Der Vorbehalt zur Preisanpassung bei einer Änderung/Umstruk­tu­rierung des Programm­an­gebots (Nummer 6.5 Satz 1) bedeute für die Abonnenten ebenfalls eine unangemessene Benachteiligung. Diese Klausel erlaube eine einseitige Preisänderung durch die Beklagte, ohne dass der Abonnent aus der Formulierung der Klausel ersehen könne, in welchem Umfang Preiserhöhungen auf ihn zukommen könnten und nach welchen Maßstäben die Preise erhöht würden. Zudem mache die Bestimmung eine einseitige Preiserhöhung allein von einer Änderung oder Umstruk­tu­rierung des Programm­an­gebots abhängig und stelle damit Anlass und Ausmaß einer Preiserhöhung in das Belieben der Beklagten. Das den Abonnenten eingeräumte Kündigungsrecht (Nummer 6.5 Satz 2) schaffe schon deshalb keinen angemessenen Ausgleich, weil willkürliche Preisanhebungen nicht ausgeschlossen werden könnten. Das für diesen Fall im Gegenzuge auch der Beklagten eingeräumte Kündigungsrecht weiche von dem gesetzlichen Grundgedanken ab, wonach eine außer­or­dentliche Kündigung nur zulässig sei, wenn ein wichtiger Grund vorliege. Auch der Preis­än­de­rungs­vor­behalt unter Nummer 6.5 Satz 3 genügt nach Auffassung des Bundes­ge­richtshofs nicht den Anforderungen an eine zulässige Preis­an­pas­sungs­klausel, weil er nur an eine Zustimmung des Abonnenten zur Leistung­s­än­derung anknüpfe und kein Einverständnis mit der anschließenden Preisänderung erfordere.

Quelle: ra-online, Pressemitteilung Nr. 174/07 des BGH vom 15.11.2007

der Leitsatz

Folgende Klauseln in Allgemeinen Geschäfts­be­din­gungen eines Unternehmens, das im Rahmen von Abonne­ment­ver­trägen Bezahlfernsehen anbietet, sind unwirksam:

a) Unabhängig davon behält sich die X GmbH & Co. KG vor, das Programmangebot, die einzelnen Kanäle, die Nutzung der einzelnen Kanäle sowie die Zusammensetzung der Programmpakete zum Vorteil der Abonnenten zu ergänzen, zu erweitern oder in sonstiger Weise zu verändern.

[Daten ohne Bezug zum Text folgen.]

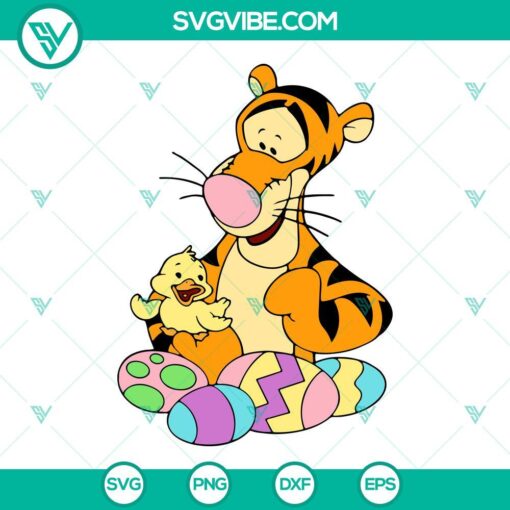 Tigger & Chicken Easter SVG images featuring Disney Pooh with Easter eggs, perfect for crafting projects.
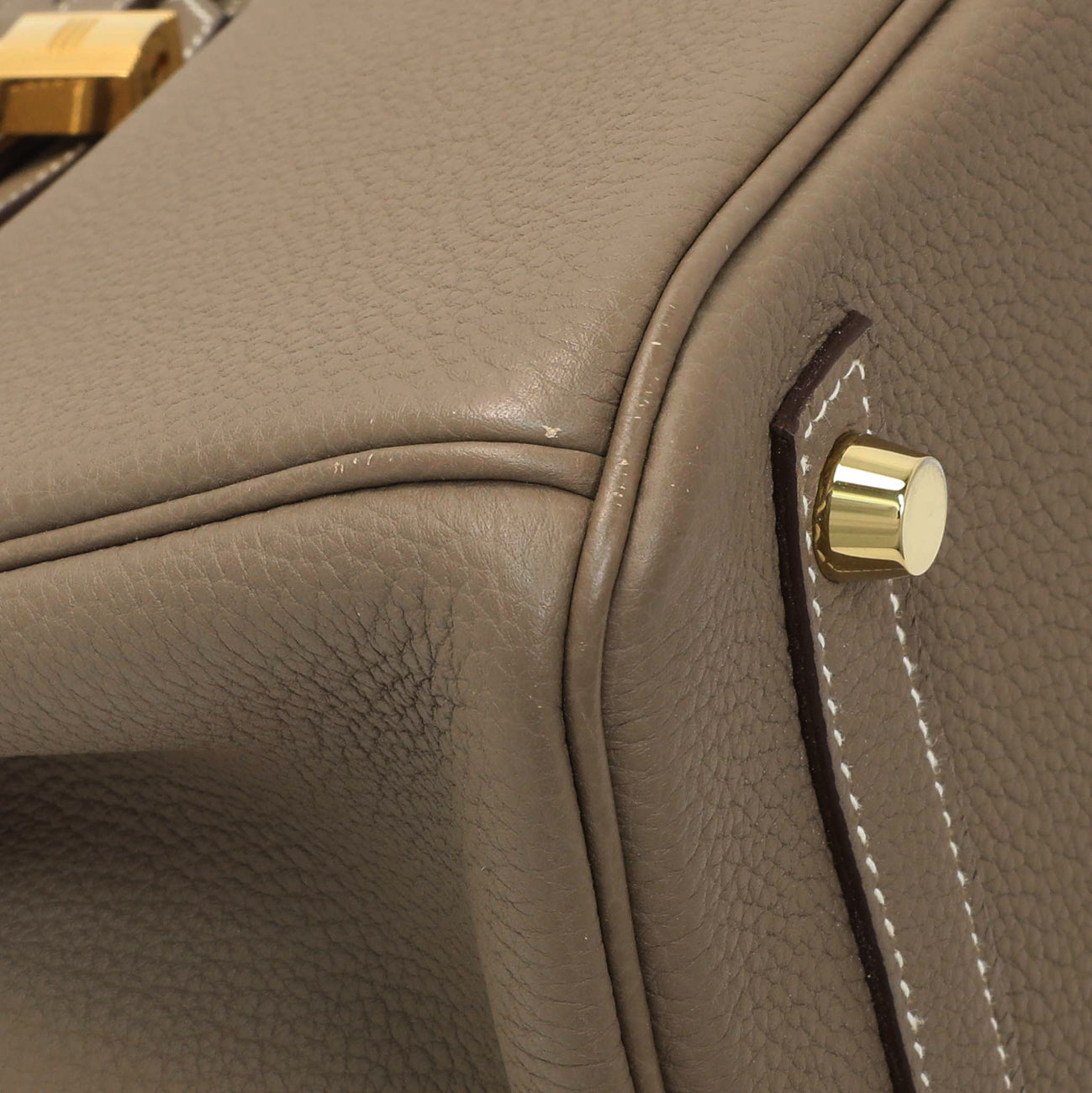 Exclusive Hermes Etoupe Togo Birkin 30 — Top View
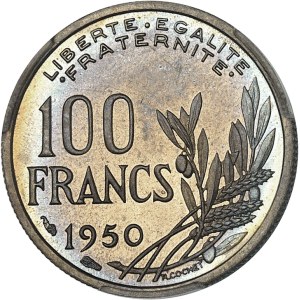Fourth Republic (1947–1958). Cochet 100-franc preserie, not a trial strike, Special Strike (SP) 1950, Paris.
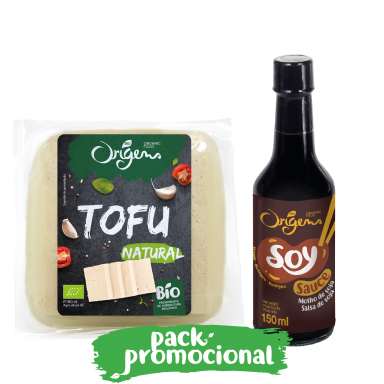 Tofu natural e molho de soja biológicos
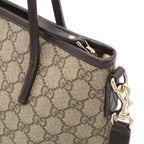 Gucci GG Supreme Plus Tote 2-Way Shoulder Bag Crossbody Leather Beige Dark Brown — view 4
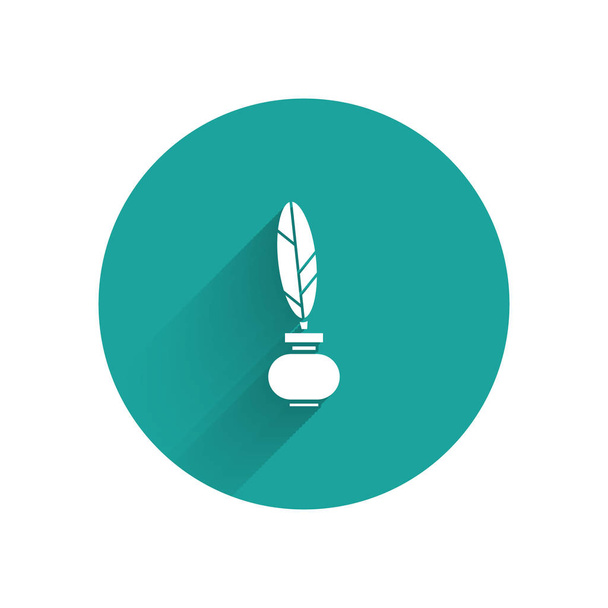 White Feather and inkwell icon isolated with long shadow. Green circle button. Vector Illustration - Vector, Image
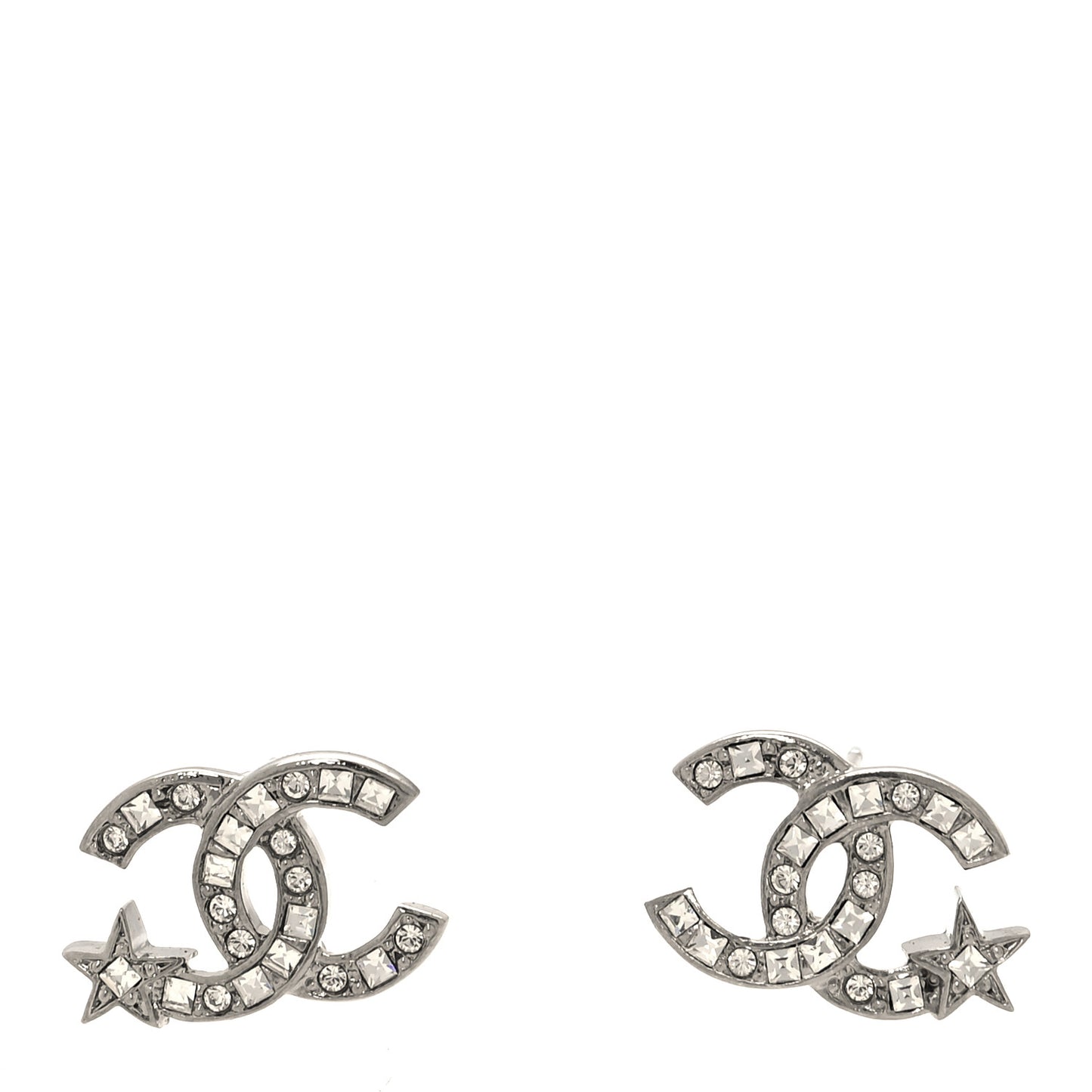 Crystal CC Starfall Earrings Silver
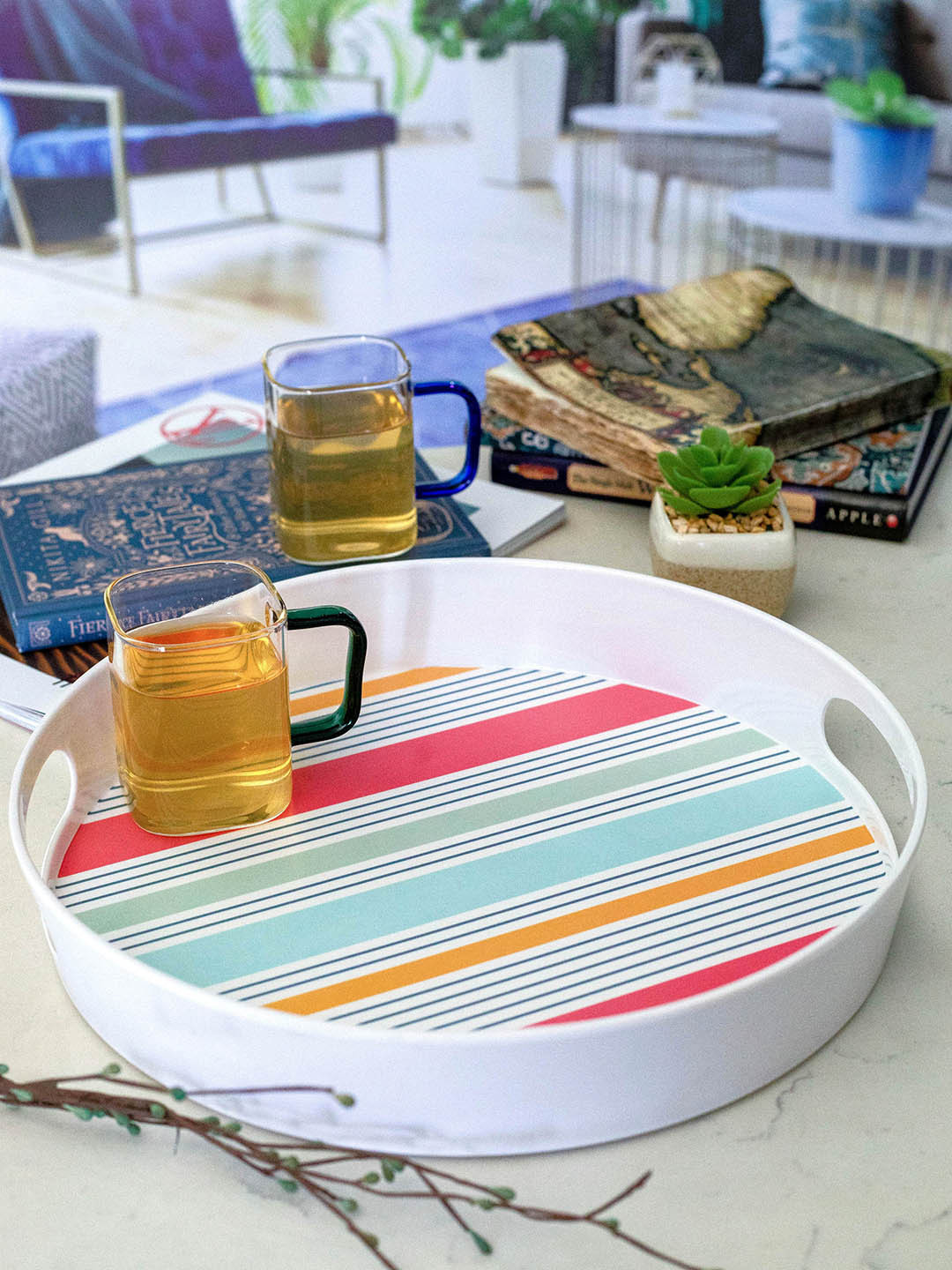 GOODHOMES White and Pink Printed Melamine Round Serving Tray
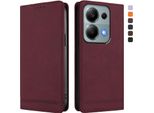 Custodia Per Xiaomi Poco M6 Pro 4G/Redmi Note 13 Pro 4G, Retro Custodia Flip In Finto Cuoio Con Supporto E Slot Per Schede Rosso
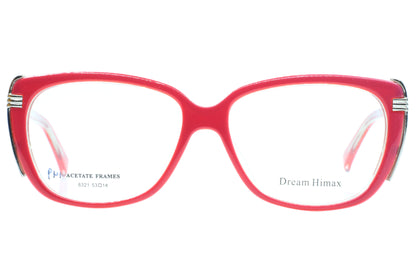 Pink eyeglasses with 'Dream Himax' branding on a white background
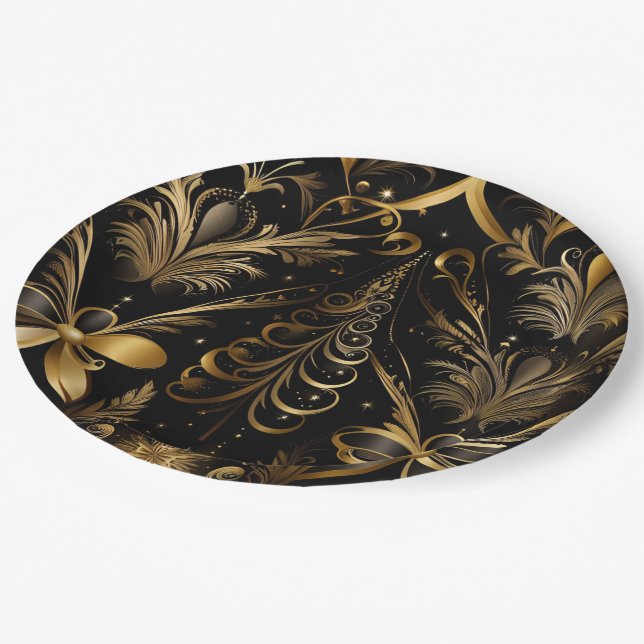 Prato De Papel Natal Ornate Preto e Dourado (Inclinado)
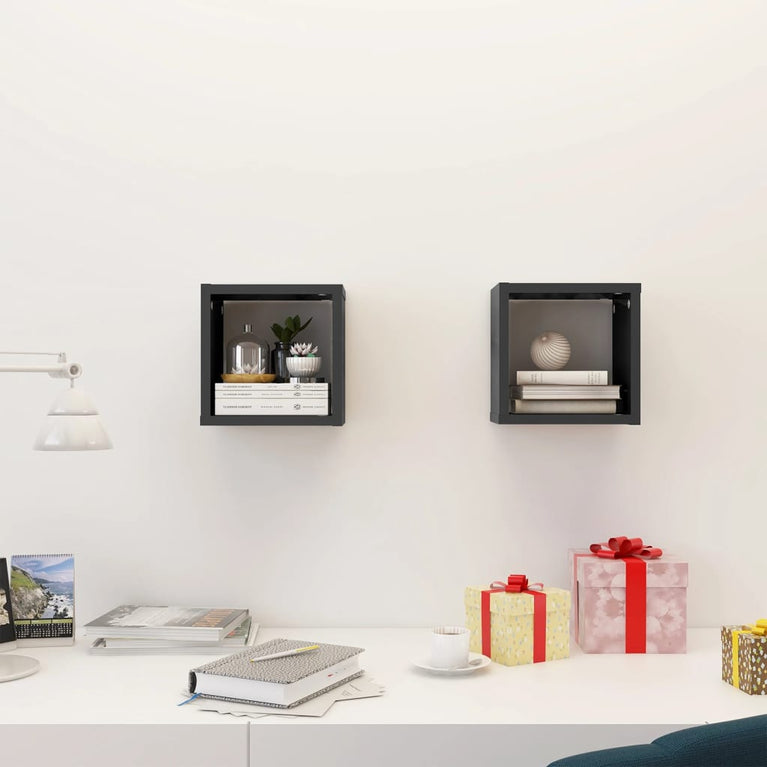 Wandschappen kubus 2 st 22x15x22 cm hoogglans grijs MeubelReus
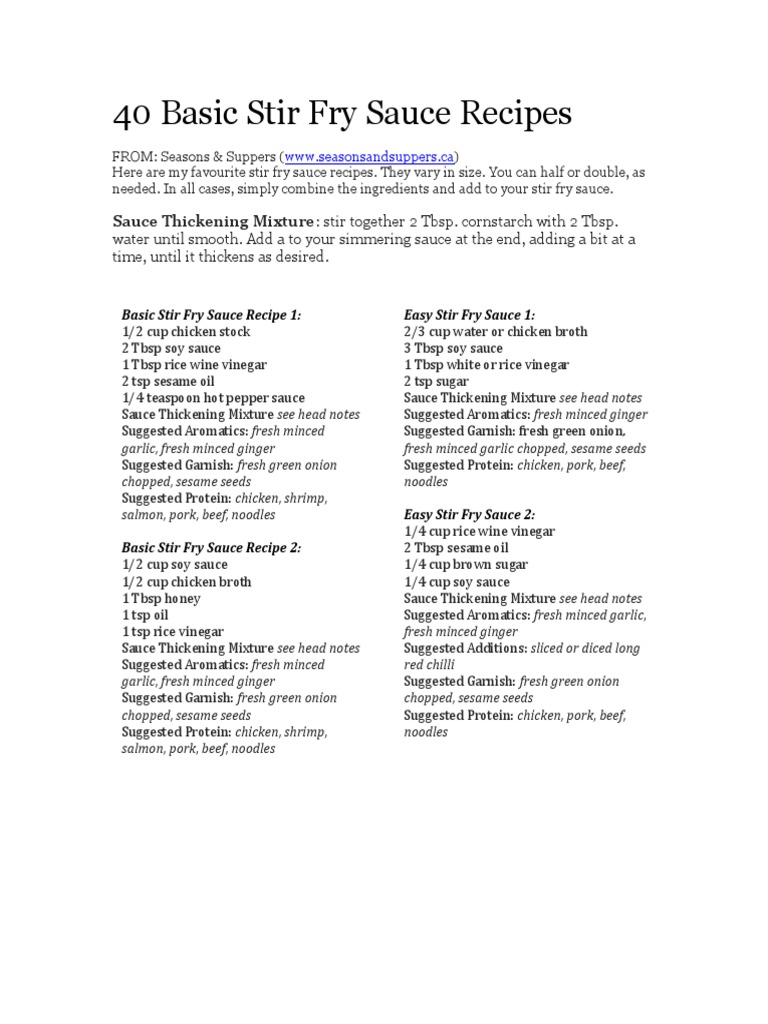 40 Basic Stir Fry Sauce Recipes PDF Thai Cuisine Tofu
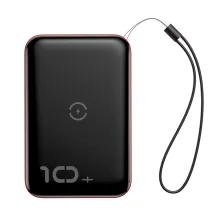 УМБ Baseus Mini S 1in2 Bracket 10000mAh 18W QC3.0 PD з Бездротовий зарядкою Qi 10W Чорний+Червоний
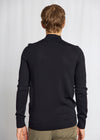 Extrafine Merino Wool Mock Neck Sweater -Black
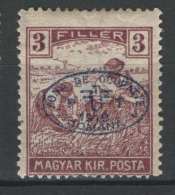 Hungary 1919. Debrecen II. Occupation Stamp 3 Filler / Reaper MNH (**) - Local Post Stamps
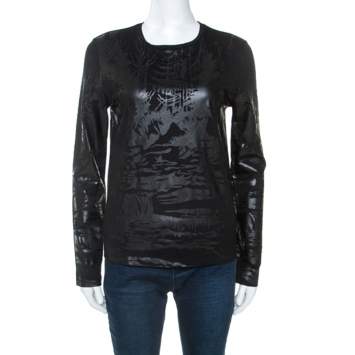 Pre Owned Balenciaga Black Embossed Cotton Long Sleeve Top S
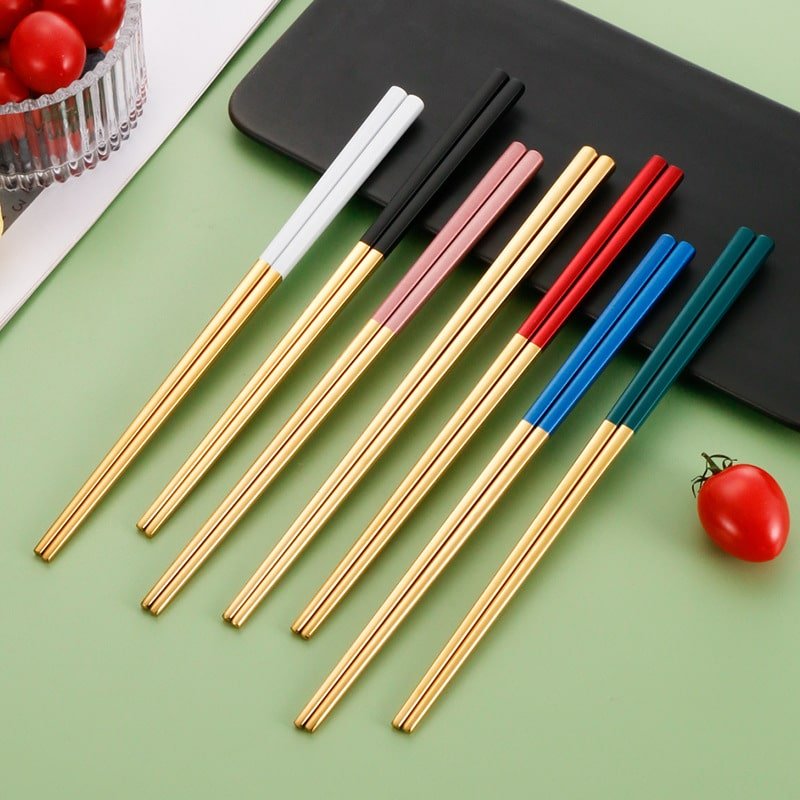 Metal Non-slip Gold-plated Chopsticks - 图片 4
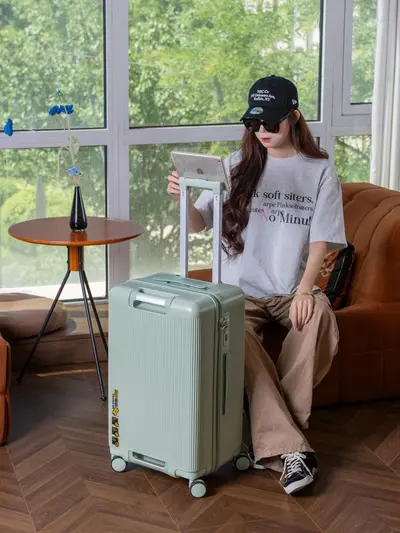 Large Capacity Hard Shell Trolley Suitcase with Combination Lock - 3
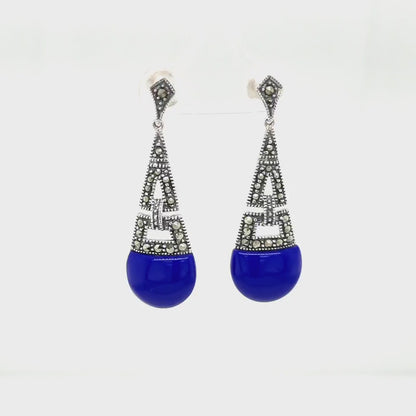 Ella: Art Deco Drop Earrings in Synthetic Lapis Lazuli, Marcasite and Sterling Silver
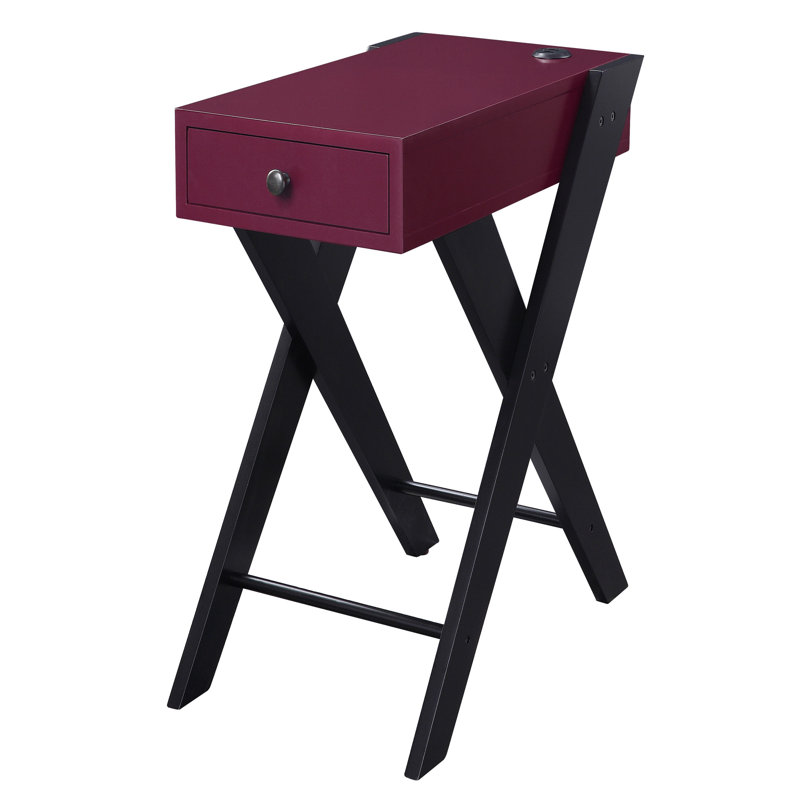 Table d'appoint Port avec tiroir pratique de style bourgogne / noir Ports élégants et pratiques noir / bourgogne
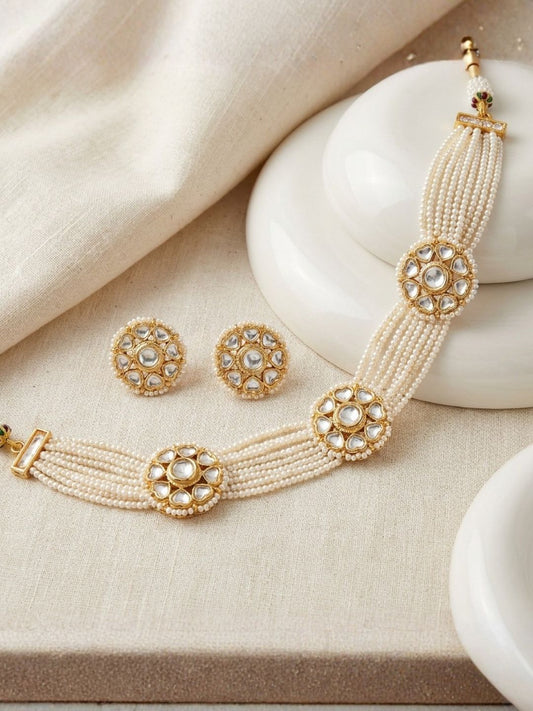 Ishhaara Gold Tone Pearl Kundan Choker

b) Die X GmbH Co. KG kann die vom Abonnenten monatlich zu zahlenden Beträge erhöhen, wenn sich die Kosten für die Bereitstellung des Programms erhöhen. Der Abonnent ist berechtigt, den Vertrag auf den Zeitpunkt des Wirksamwerdens der Erhöhung zu kündigen, wenn die Erhöhung 5 % oder mehr des ursprünglichen Abonne­ment­preises ausmacht.

c) Ab der Verlängerung gelten die Tarife für die jeweils verlängerte Laufzeit.

d) Die X GmbH & Co. KG behält sich vor, bei einer Änderung/Umstruk­tu­rierung des Programm­an­gebots die Abonne­ment­beiträge zu ändern. In diesem Fall ist … die X GmbH & Co. KG berechtigt, das Abonnement zum Zeitpunkt des Wirksamwerdens der geplanten Änderung schriftlich zu kündigen. Stimmt der Abonnent der Leistung­s­än­derung zu, kann die X GmbH & Co. KG die Preisstruktur anpassen, ohne dass dies ein Kündigungsrecht des Abonnenten auslöst."